Monday December 30, 2013

My friend and fellow desert scavenger, Mark Lankford, called to see if I was up for another trip into the Barry M. G Goldwater Gunnery Range north and east of town.  "Absolutely"! said I.

We set off at 10 a.m. and Mark drove us in his Chevy  4 x 4 pickup, as it has better ground clearance than our Honda CRV, and it already has it's "desert stripes" as the locals call the brush scratches down both sides of the body.

We were heading out to an area called "Well that Johnny Dug".  I'm not kidding- it says so on the published maps.  On our way there Mark turned down a side road to the more approapiately named Sloven Well.
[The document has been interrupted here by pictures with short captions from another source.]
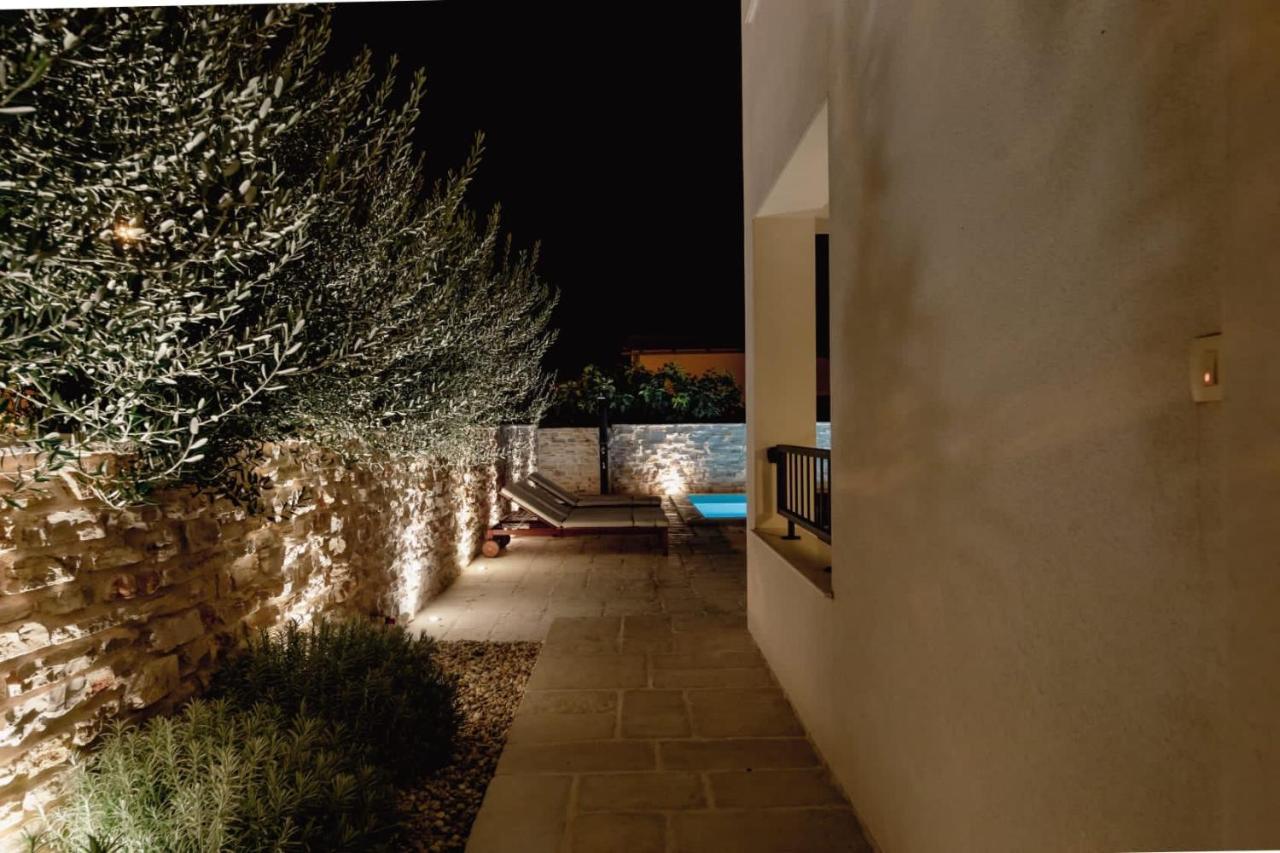 Olive Tree Apartments Водице Екстериор снимка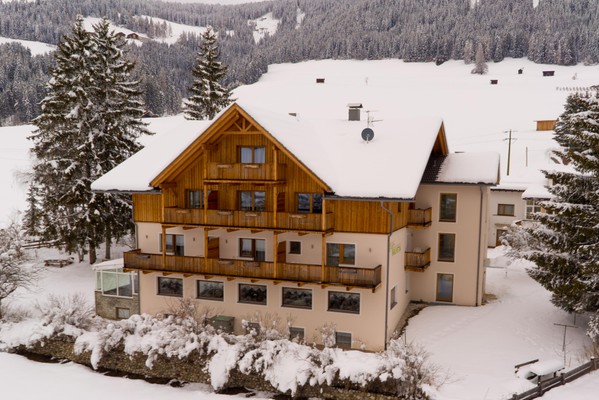 Foto Außenansicht Garni-Appartments Helvetia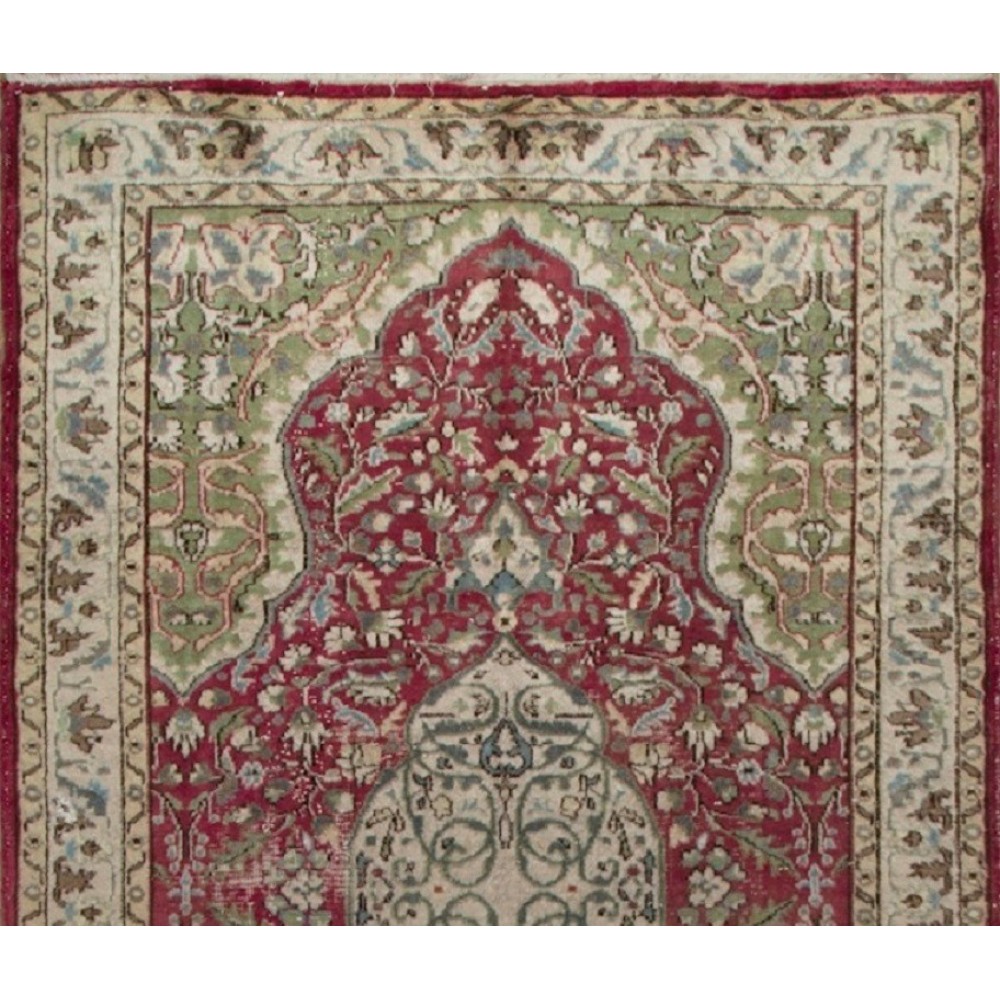 Vintage Oriental Rug in Red and Green. Handknotted Wool Carpet. Floor covering.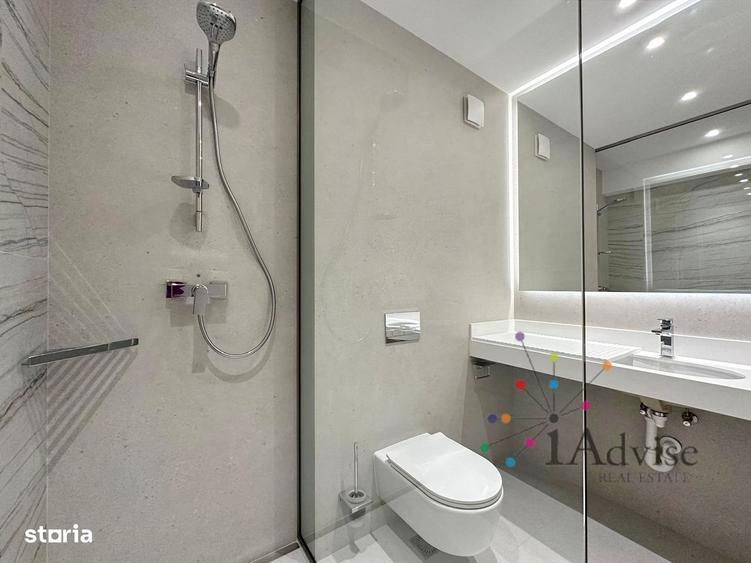 Apartament cu 3 camere decomandat în Centrul Istoric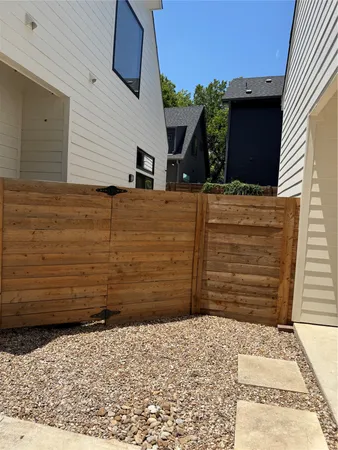 $3,250 | 2604 Francisco Street, Unit B, Austin, TX 78702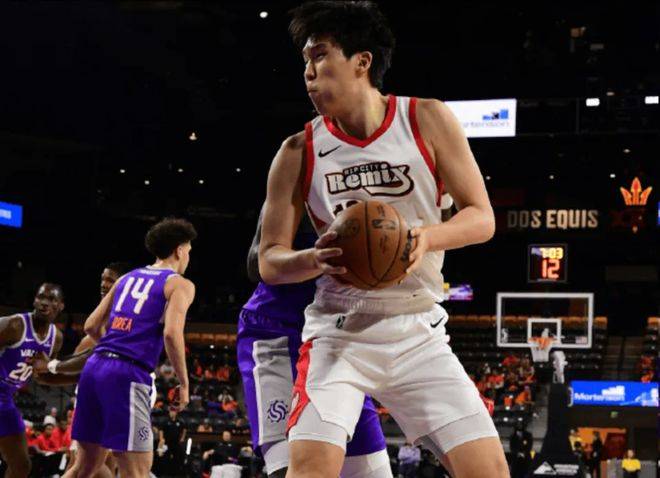 麻将胡了-进攻11中3、防守提款机！CBA最佳防守球员在NBA最大软肋(lē)是防守？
Both wells are no longer operating, but Sloven Well looks as if it could be resurrected with some work and expense.  It has a Swimming pool sized concrete tank and has a metal well casing.

While we were poking around Sloven Well, we were approached by Lukeville Air Force Security, something that can happen while you are on the range.  The officers checked our permits and then engaged in some pleasant conversation with us.  One of the officers has been on the BMG security team for 12 years! Mark knows all the right questions to ask and he found out that it isn't as difficult to get into the "Hazard Area" around the active range as we thought.  We may get a chance to go into that area soon.
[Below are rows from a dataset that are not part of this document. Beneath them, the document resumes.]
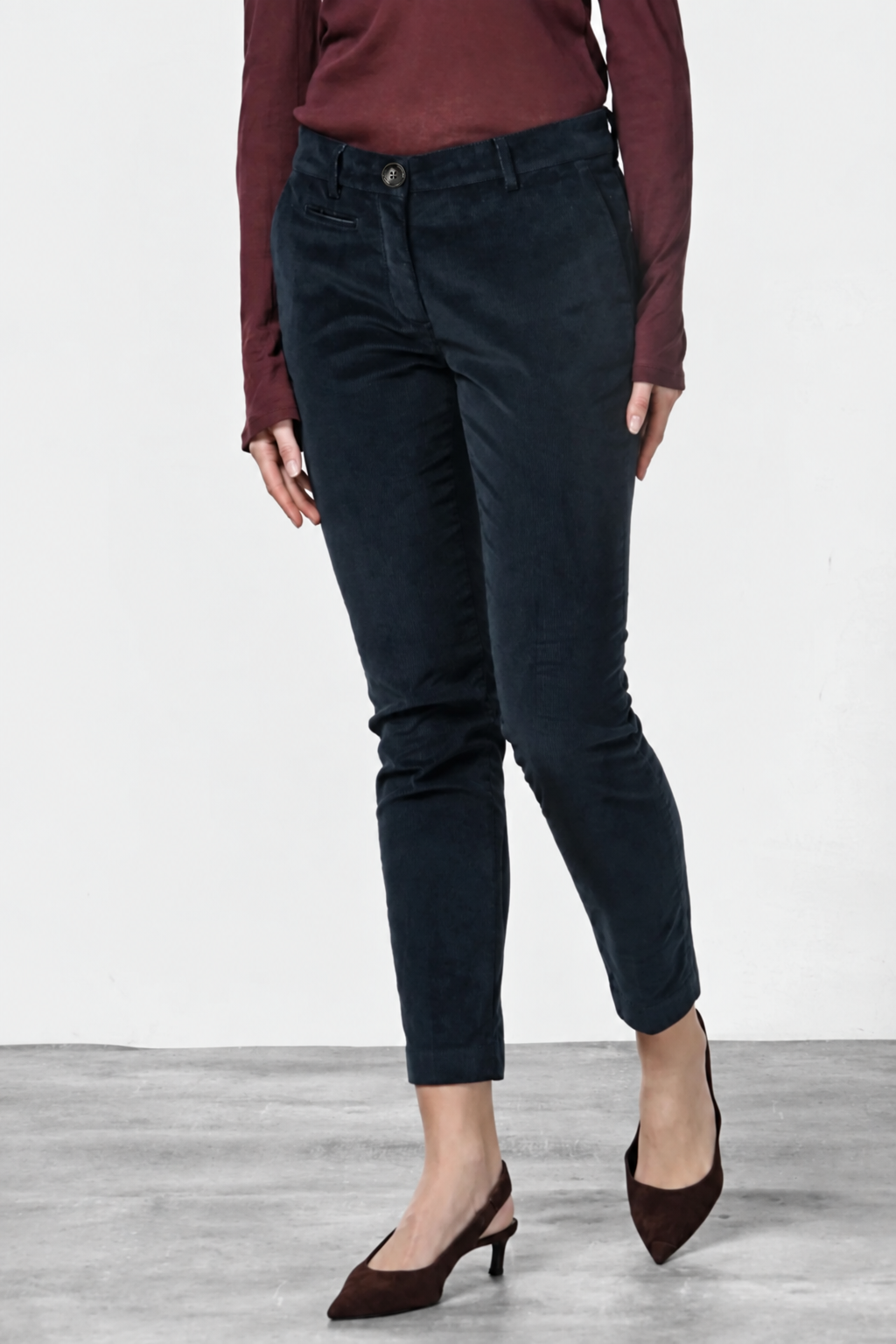 New York Slim Damen-Chinohose aus Breitcord, Slim Fit ①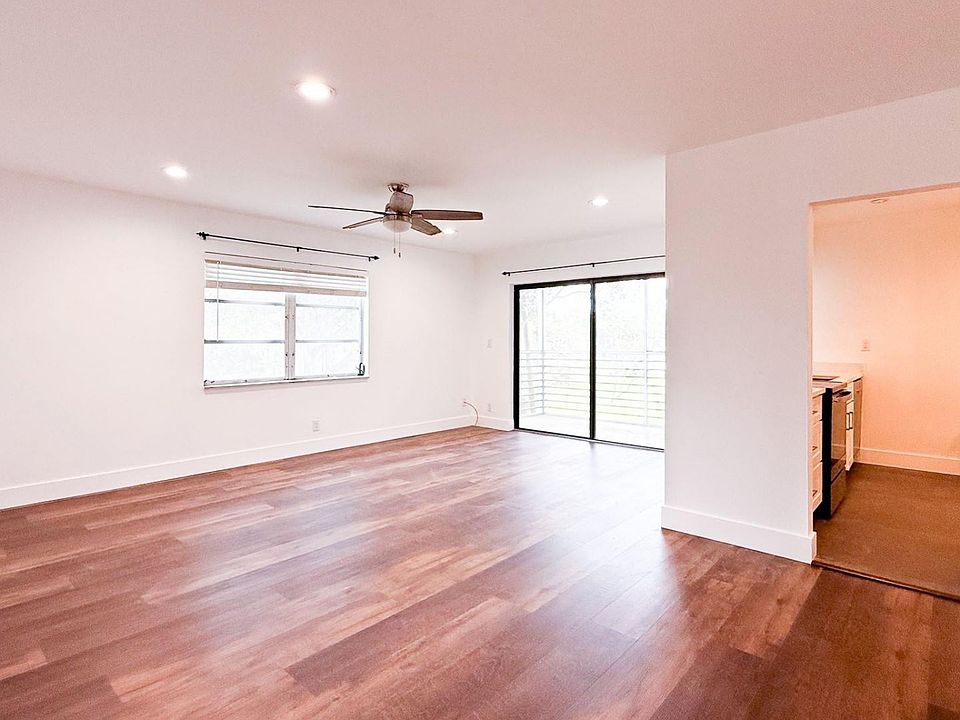 1st image of 2420 SW 81st Ave APT 201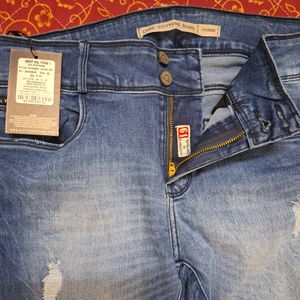 Women's Blue Rigged/Distressed Jeans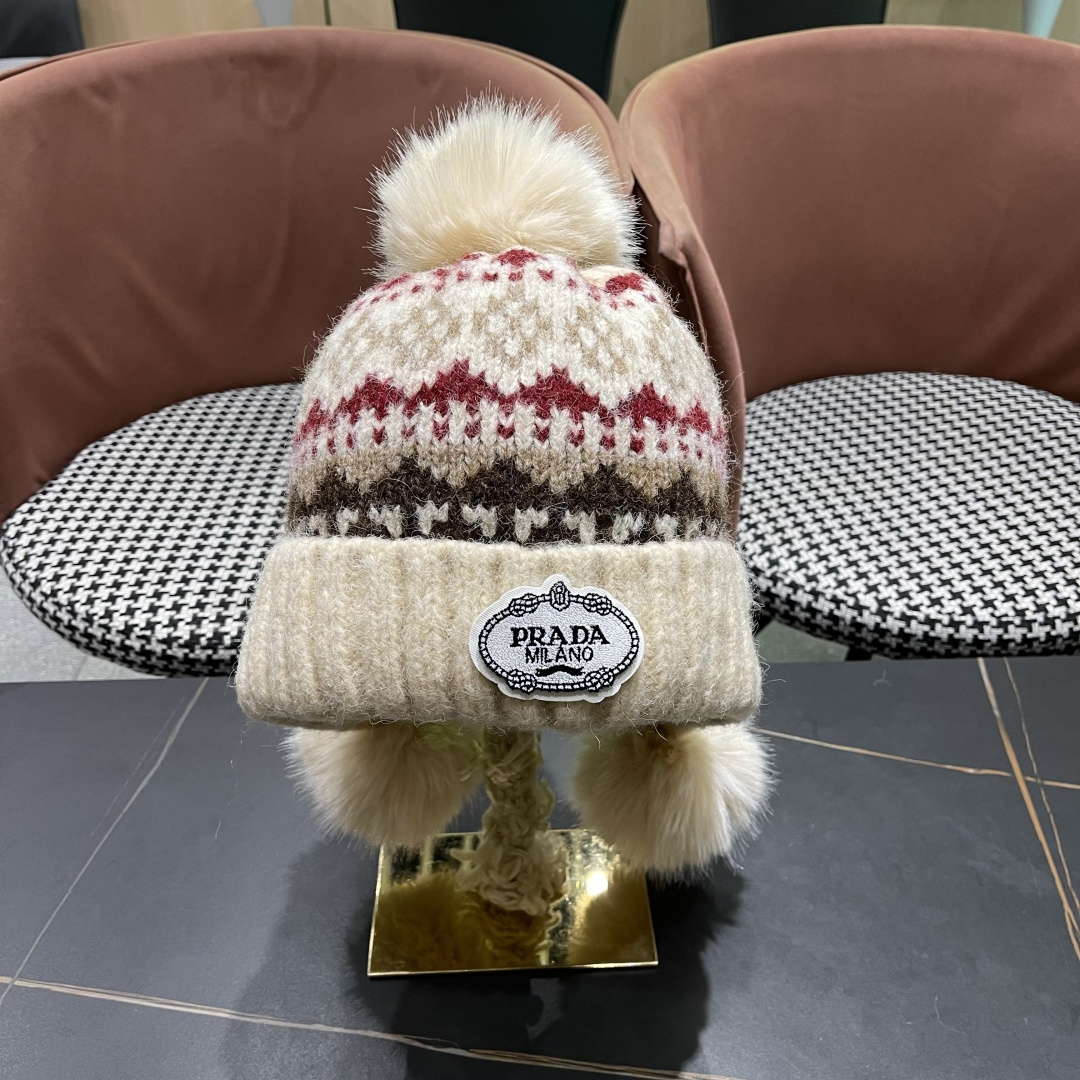  普拉达，毛线帽子加厚保暖护耳骑行防寒套头雷锋帽
2025新款针织帽女秋冬季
When we arrived at "Well that Johnny Dug", Mark pointed to a 4 foot square of plywood covering a hand-dug hole in the ground.  So impressive I didn't even take any pictures.  We were not here for the well anyway, and continued east to a search area that Mark has been working for several days, looking for an ejection seat and a canopy from a downed F-104G that crashed in 1966.  I spotted some yellow flagging in the mesquite that was outside the search area and we decided to investigate.  We parked the truck about 2-1/2 miles from the crash site and set off on foot following the flagging in a north-easterly direction which looked promising because it could intersect the inbound flight path.  We spaced ourselves about 200 feet apart and headed in the direction the flagging was taking us.  Unfortunately what we found was a section line marker- a rebar pin with a bronze USGS cap on it.  Since we were on the probable flight path, we decided to turn east and follow the path towards the crash site.  We were further out than Mark felt to be reasonable, based on his research- but it couldn't hurt to be thorough.  By 2:30 we had searched to within 1-1/4 miles of the crash site.  We knew this because Mark has a Garmin and he had loaned me one also.  Mark is good about setting waypoints in memory and we could dial in a radial that showed us where we were in relationsip to the crash site at any time.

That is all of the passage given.